* [REQUIRED WORK] Give the records below again, word for word. No pictures belong in the copy.

Top of DATA SHOWN

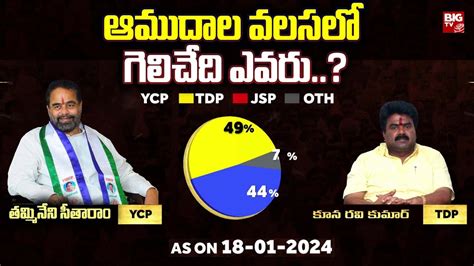 Big Tv Survey On Amadalavalasa Assembly Constituency Big Tv Pandem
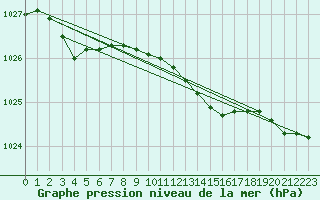 Courbe de la pression atmosphrique pour Abisko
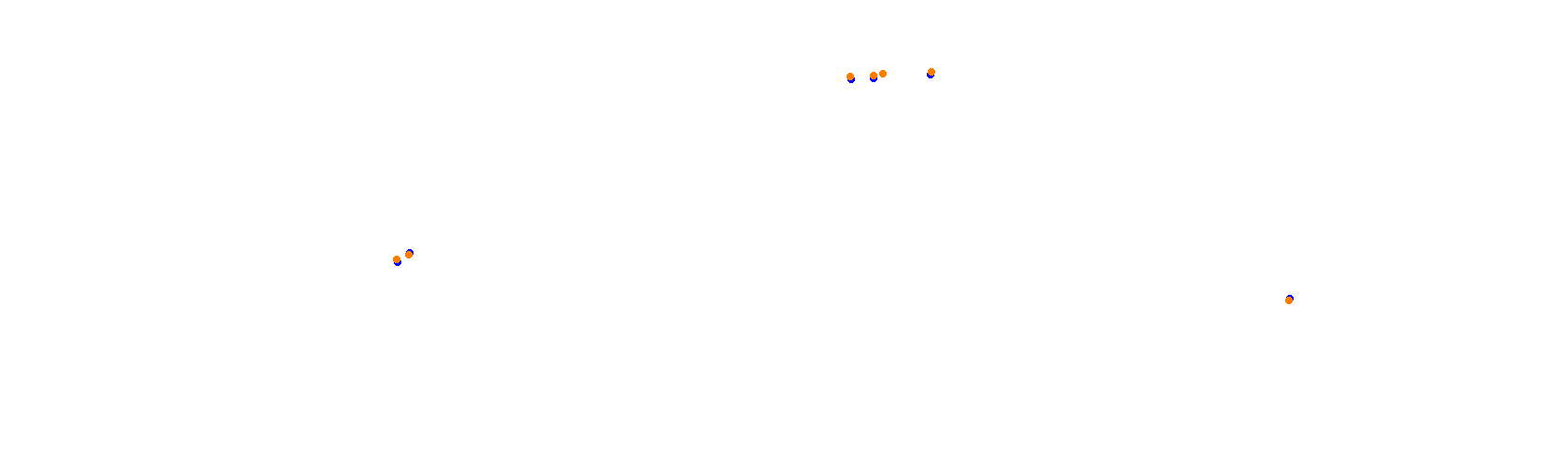 Suzuka F1 2024 collisions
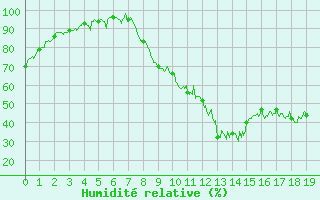 Courbe de l'humidit relative pour Sisteron (04)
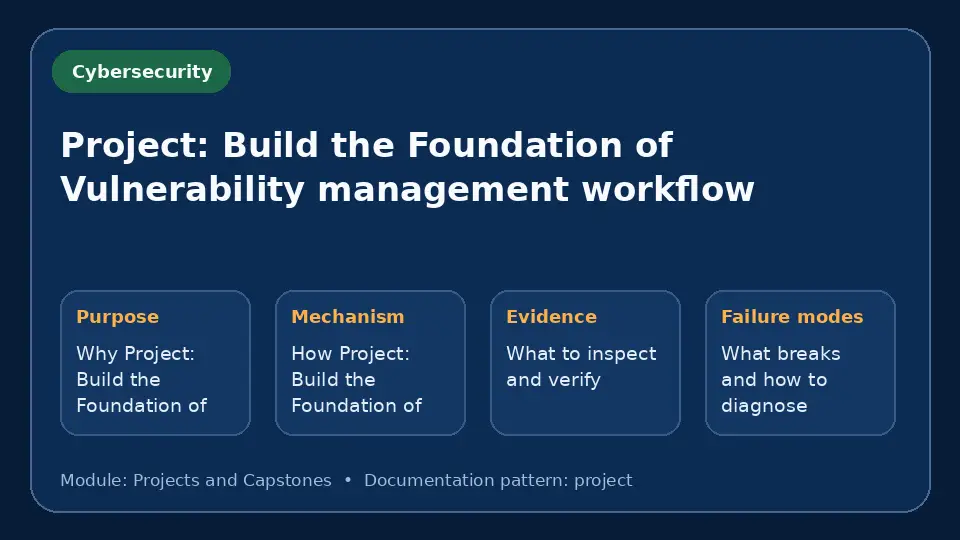 Concept map for Project: Build the Foundation of Vulnerability management workflow showing purpose, mechanism, verification evidence and failure modes.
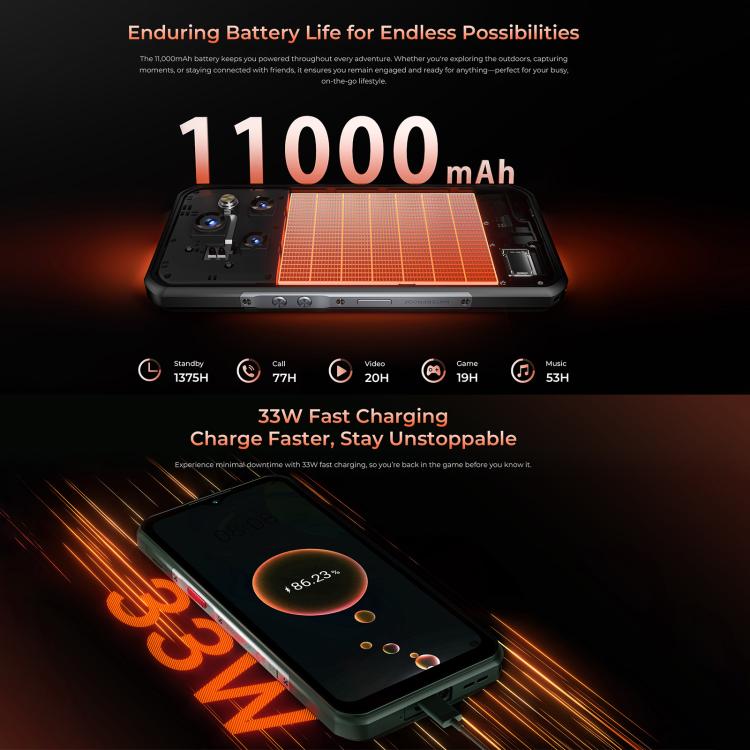 Oukitel WP55 5G Rugged Phone, 12 GB + 256 GB, 108-MP-Kamera, Fingerabdrucksensor, 6,6 Zoll, MediaTek Dimensity 7025 Octa-Core-Prozessor, NFC, OTG, Netzwerk: 5G, WP55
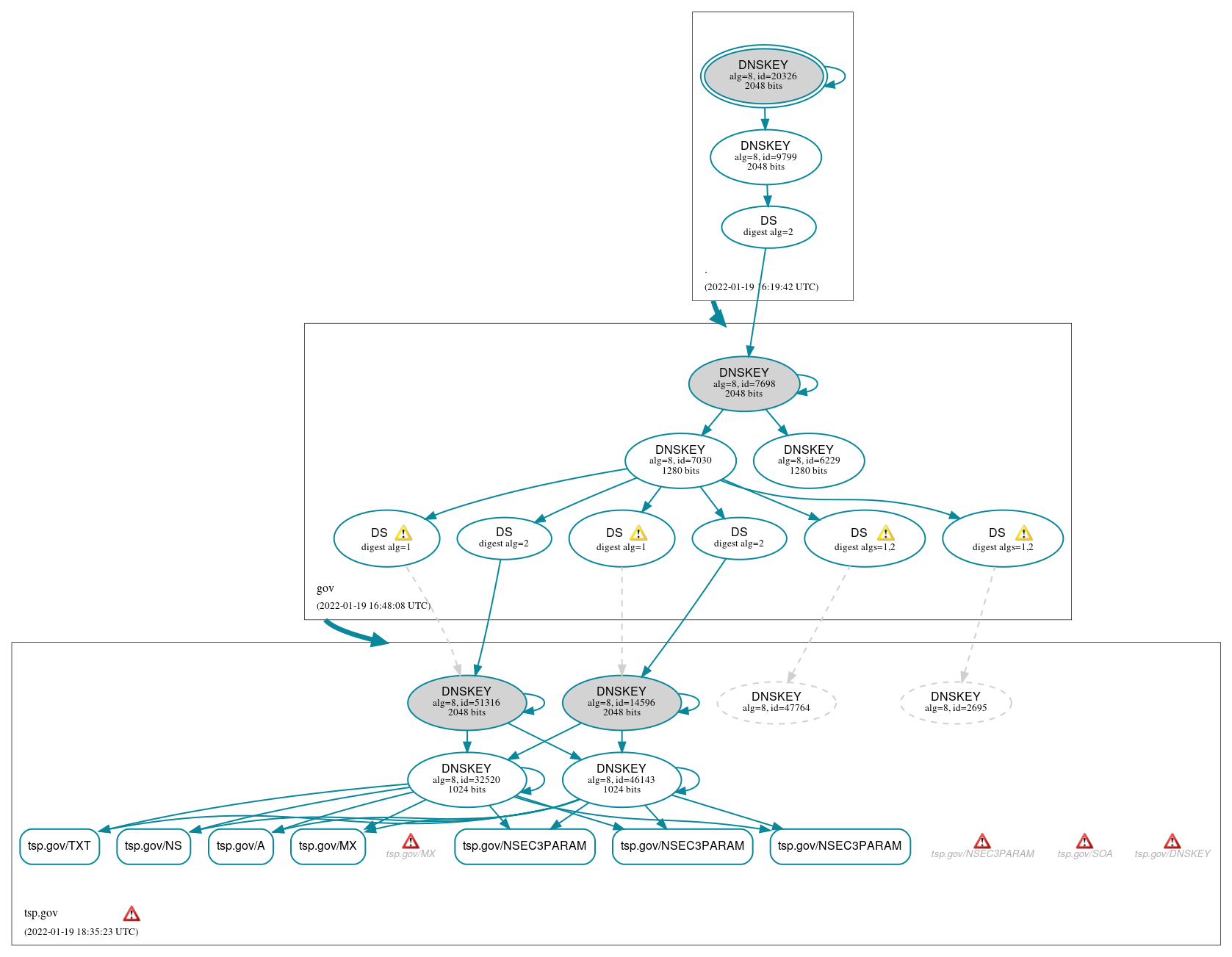 DNSSEC authentication graph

Bottom of DATA SHOWN

* [RESULT OF THE TASK]
 Big Tv Survey On Amadalavalasa Assembly Constituency Big Tv Pandem
 Courbe de la pression atmosphrique pour Abisko
 Suzuka F1 2024 collisions
 Courbe de l'humidit relative pour Sisteron (04)
 Concept map for Project: Build the Foundation of Vulnerability management workflow showing purpose, mechanism, verification evidence and failure modes.
 Oukitel WP55 5G Rugged Phone, 12 GB + 256 GB, 108-MP-Kamera, Fingerabdrucksensor, 6,6 Zoll, MediaTek Dimensity 7025 Octa-Core-Prozessor, NFC, OTG, Netzwerk: 5G, WP55
 DNSSEC authentication graph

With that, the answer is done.